Ohne Illusionen
Am 24. Juni 1987 wird Alfredo beerdigt. Als Beatrice die volle Kirche betritt und mit einer Sonnenblume in der Hand nach vorn zum Sarg schreitet, folgen ihr alle Blicke. Sie legt die Blume ab, küsst das Holz dort, wo Alfredos Kopf liegen muss, nimmt in der vordersten Bankreihe Platz und verfolgt reglos die Totenmesse.
Doch Don Antonios Worte über den »guten Jungen«, den der Herr mit nur einundzwanzig Jahren zu sich gerufen habe, »weil er ihn besonders liebt«, lassen sie innerlich rasen vor Wut. Alfredo war »nicht gut«, er war ein »Schlägertyp« und ein »Idiot«. Niemand hat ihn geliebt. »Denn wenn du jemanden hast, der dich liebt, ist es unmöglich, allein wie ein Hund zu verrecken.«
Beatrice ist fertig, »nur halb lebendig«. Sie will jetzt weg von diesem Ort, wo Alfredo und sie gelebt haben, so weit wie möglich, alle Brücken abbrechen, alles vergessen und nie wieder zurückkommen.

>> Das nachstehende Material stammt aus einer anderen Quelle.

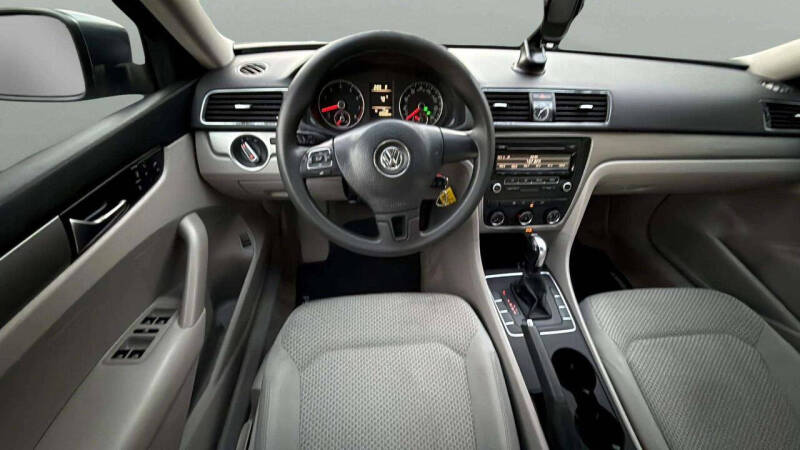 2014 Volkswagen Passat 1.8T S PZEV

»La Fortezza«, die Festung, heißt der unsägliche Ort am Rande einer Stadt irgendwo im Süden Italiens, den Beatrice hinter sich lassen will. Kein Carabiniere kommt in dieses Viertel, in dem das Chaos regiert. Hier gibt es keine Mieter oder verwaltete Einwohner, sondern nur »Besetzer«. Man nimmt einfach eine der leer stehenden Wohnungen in Besitz – oder auch eine bereits besetzte. Schnell ist das Schloss aufgebrochen, das Mobiliar und alles andere Zeug vom Balkon geworfen, und die neuen Besetzer können sich breit machen. Auch Beatrices Familie zog, als sie vor vielen Jahren hierher kam, auf diese Weise ein, und während Mutter Elena putzen ging und Vater Vittorio als Parkplatzwächter Geld verdiente, musste »Bea« zusammen mit ihrem jüngeren Bruder Francesco die Wohnung bewachen.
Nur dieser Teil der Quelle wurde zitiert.